Cette nuit-là allait être fatale pour le gang diversifié. C'était un jour J parmi tant d'autres. Ils étaient tous endormis, à patauger dans des rêves aussi étranges les uns que les autres. Les étoiles brillaient peu, la pollution s'opposait à elles, mais on les voyait quand même. L'air était frais, il véhiculait de nombreux sons habituels qui constituent la ville de l'amour. Les klaxons, des sifflements, des personnes peu discrètes,des poubelles qui se renversent, des bagarres entre félins... Des bruits que des provinciaux ne supporteraient pas, mais les habitués voyaient ces désagréments comme une berceuse. Les moteurs des voitures permettaient à Oxymore de dormir, de s'apaiser un minimum.Ses partenaires imaginaires ont gardé le silence, eux aussi étaient apaisés par l'environnement.
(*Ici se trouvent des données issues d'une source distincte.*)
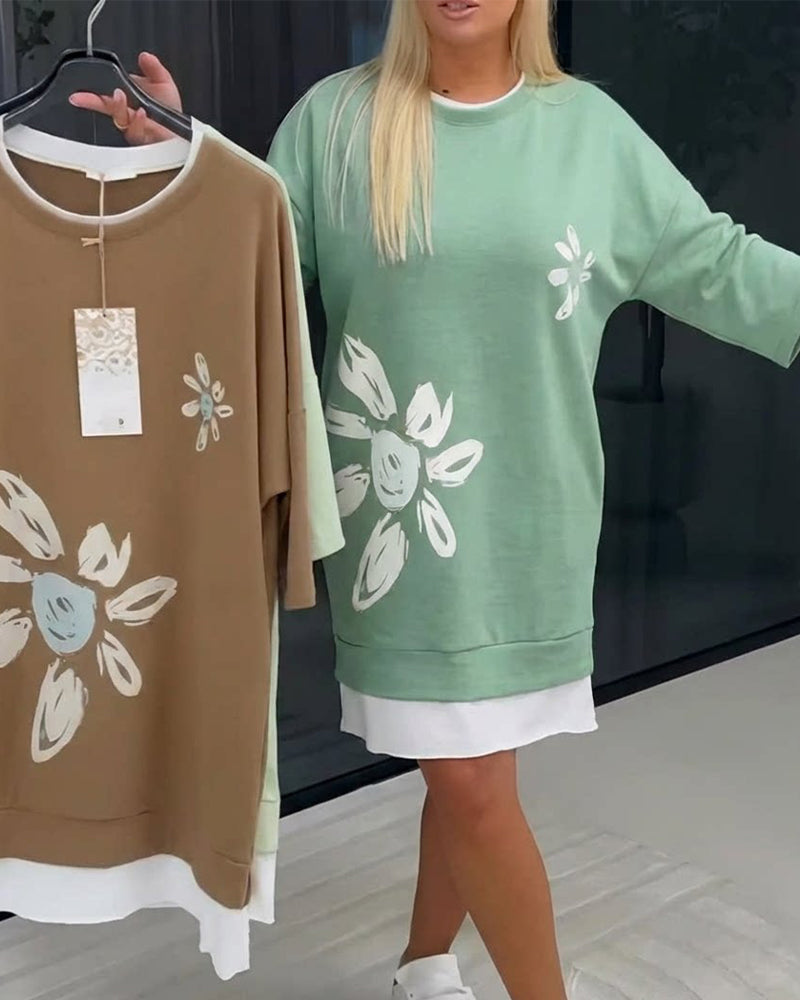 Ravessa - Casual Jurk met Bloemenpatroon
Une brise parfumée caressait ses narines. Cette brise était loin d'être naturelle. Une essence de marque. Cette odeur se prononçait davantage, la source se rapprochait. De plus en plus.




- Réveille-toi.



En guise de réponse, il émit un grognement manifestant son mécontentement. Il devait être trois heures du matin.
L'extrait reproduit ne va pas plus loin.